Political work within the healthcare world has a negative reputation. Are lobbyists bad people? There’s no such thing as good or bad, only professional and unprofessional. All professional interest groups know the particular interests they are representing. This said, they should never lose track of the common good that they are supposed to stand for. They don’t want to put pressure on their target group, but rather convince them by using sound reasons that set them apart from those of the competition. They have very high standards in terms of transparency and their ethical code of conduct, and are forward-thinking. And that’s why they have a good reputation.


Can public affairs and policy advice have positive results for patients? The most important target group is the political decision makers. And they have a simple equation: patient = citizen = voter. All those who go by the survival-of-the-fittest rule are either cast in a negative light or, in other cases, regulated by policies. One must know the political thought processes and anticipate decision-making patterns.
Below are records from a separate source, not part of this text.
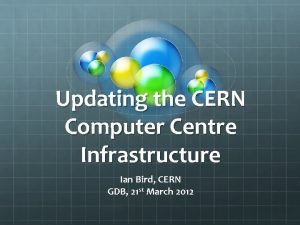 Updating the CERN Computer Centre Infrastructure Ian Bird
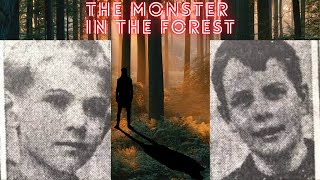 The Monster In The Forest - Erwin Hagedorn and the missing children of Eberswalde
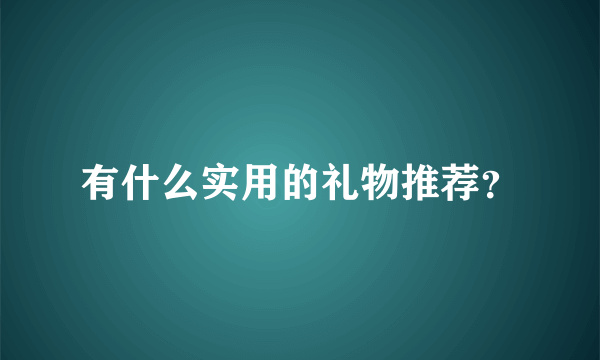 有什么实用的礼物推荐？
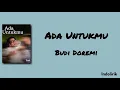 Lagu Ada Untukmu - Budi Doremi | Lirik Lagu 
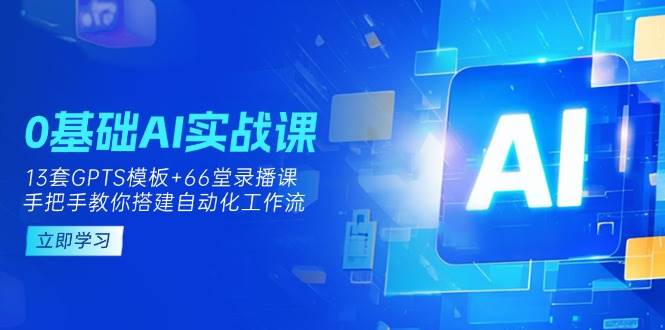 0基础AI实操课：13套GPTS模板+66字录播课，手把手教你搭建自动化工作流 - 福缘网项目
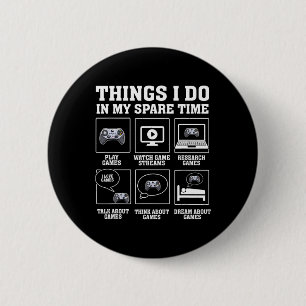 Funny Gamer Things I Do In My Spare Time Gaming 6 Cm Round Badge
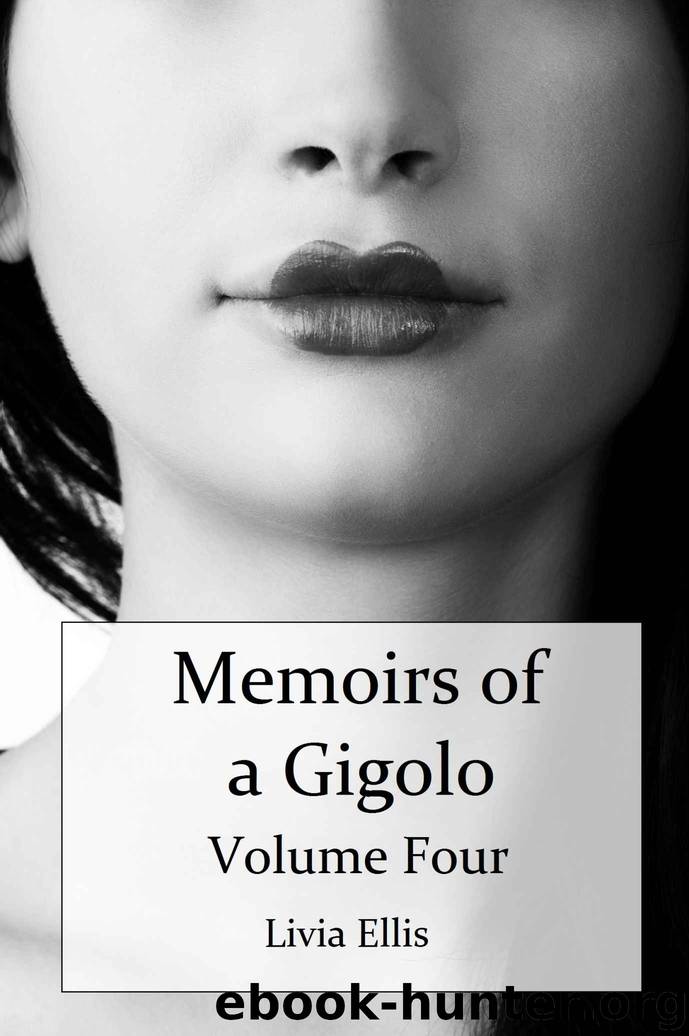 Memoirs of a Gigolo Volume Four by Livia Ellis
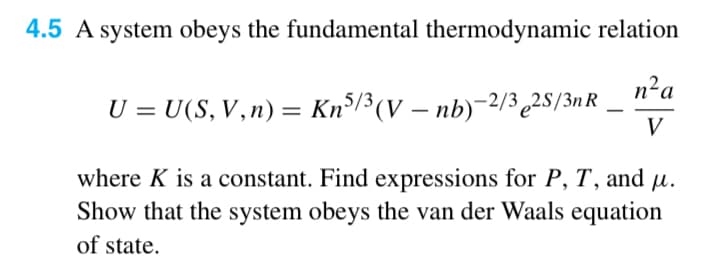 4.5 A system obeys the fundamental thermodynamic relation
U = U(S,V,n) = Kn5/3 (V — nb)−2/32S/3n R
-
n²a
V
where K is a constant. Find expressions for P, T, and μ.
Show that the system obeys the van der Waals equation
of state.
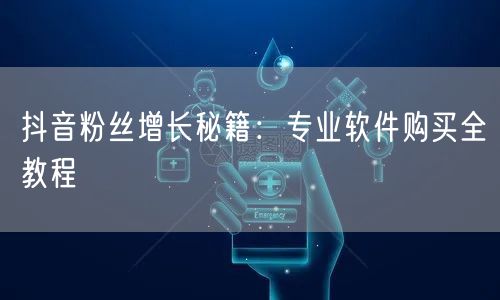 抖音粉丝增长秘籍：专业软件购买全教程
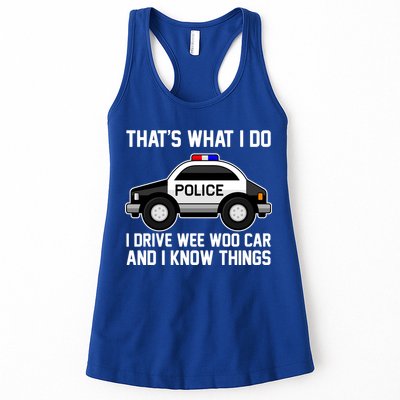 That's What I Do I Drive Wee Woo Car and I Know Things Womens Tank Top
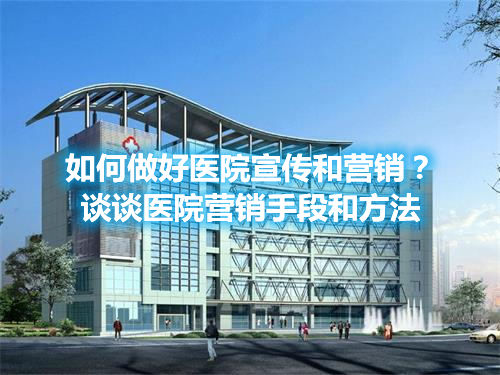 如何做好醫(yī)院宣傳和營(yíng)銷(xiāo)？談?wù)勧t(yī)院營(yíng)銷(xiāo)手段和方法(圖1)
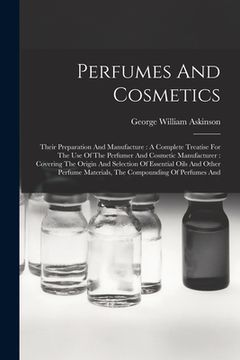 portada Perfumes And Cosmetics: Their Preparation And Manufacture: A Complete Treatise For The Use Of The Perfumer And Cosmetic Manufacturer: Covering (in English)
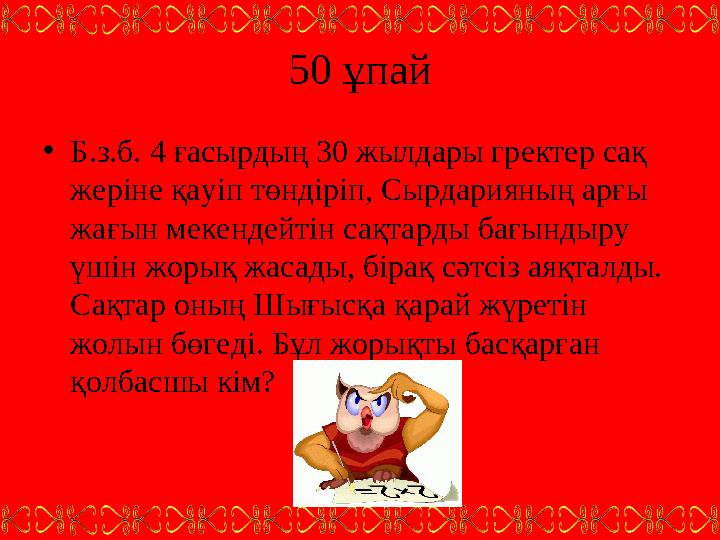 50 ұпай • Б.з.б. 4 ғасырдың 30 жылдары гректер сақ жеріне қауіп төндіріп, Сырдарияның арғы жағын мекендейтін сақтарды бағындыр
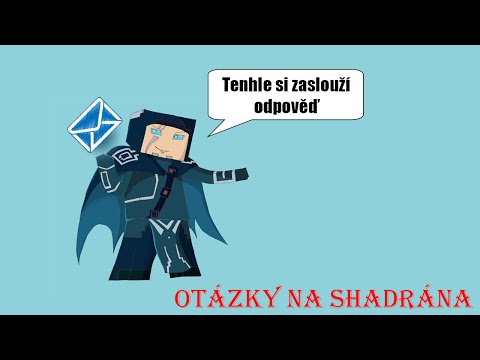 Otázky na Shadrana # 2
That means placing the patient at the heart of one’s decisions in order to get the attention and trust of politicians. That’s what helps form a foundation for creating new therapies.


What role does courage play in this area? Courage means withstanding resistance, possessing debating skills, believing in one’s own arguments and standing firm, even when a light breeze turns into a storm. Courage is action. There’s a saying in political consultation: ‘If you’re not at the table, you’re on the menu.’ It means that one must be present when relevant social and political issues are being debated in order to help shape them. It’s something that is expected and rewarded.


Are there examples one can learn from? NGOs do a lot of good things here, even when one doesn’t always agree with their position or tactics. A good example is the German Environmental Agency’s influence on the automotive industry. NGOs are able to get their position heard with a maximum amount of attention. This is achieved through their use of the media, through staying on course in spite of conflict and through being flexible. What’s interesting is that they have created optimal tools and channels in order to mobilise their base and multiply their position’s reach. The pharmaceutical industry can do this as well.